Cadmium is a soft, bluish-white metal with an atomic number of 48 and the chemical symbol Cd. It is part of group 12 on the periodic table and is one of the three, along with zinc and mercury, stable metals in this section. It has a low melting point compared to the transition metals and is mainly found as part of zinc ores. Cadmium was discovered in 1817 by two German scientists, Stromeyer and Hermann. In certain forms this element is toxic causing death at high levels. Due to this fact, the uses of cadmium are gradually decreasing as new and safer materials are found. This article will detail how cadmium is used in the world today.

Uses of cadmium

  • The main use of cadmium was in batteries, in particular rechargeable nickel plated batteries. Nickel-cadmium batteries have a charge of 1.2 V. The use of cadmium in batteries and other electronics has been banned by the European Union due to its toxicity and it is expected they will eventually be banned worldwide.

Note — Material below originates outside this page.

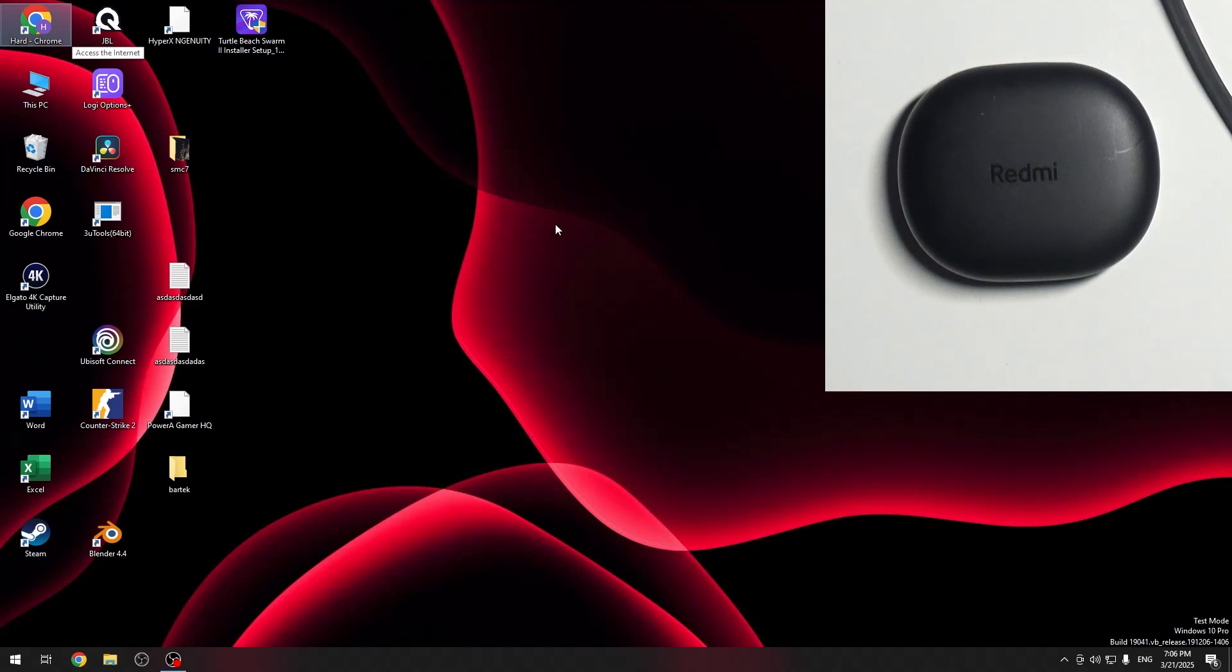Hello everybody and welcome. In this video I'm going to show you how to pair your Redmi Buds 4 Lite with your PC.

  • Cadmium is also used in electroplating in the aircraft industry. Cadmium is able to resist corrosion when applied to steel plating.
  • Cadmium is used in the nuclear fission process as a barrier to control neutrons. It is used as part of an alloy with silver and indium and makes up 5% of the total alloy.
  • Cadmium oxide is used in the production of televisions. It is used in black and white phosphors and also in blue and green phosphors in television tubes.
  • The coating of photocopier drums is made from cadmium sulphide.
  • Cadmium sulphite is also used as a yellow pigment in paints. Cadmium selenide is used as a red pigment in paints. Cadmium salts create bright, brilliant colours that last for long periods of time before showing any signs of fading. It is recommended that gloves or a barrier cream be used when painting with these pigments as cadmium is toxic. This paint is commonly used on brightly coloured buses and trains.
  • Cadmium is used in solder and bearing alloys. It has the ability to resist fatigue and friction.
  • When combined with helium, cadmium makes an effective laser emitting blue-ultraviolet laser light. These lasers are used in fluorescence microscopes.
  • Colloidal solutions with cadmium are used in the imaging of biological tissue and solutions under a fluorescence microscope.
  • Cadmium is sensitive to infrared light and is used in applications such as infrared detectors and switches like those found in remote controls. It is also used in solar cells.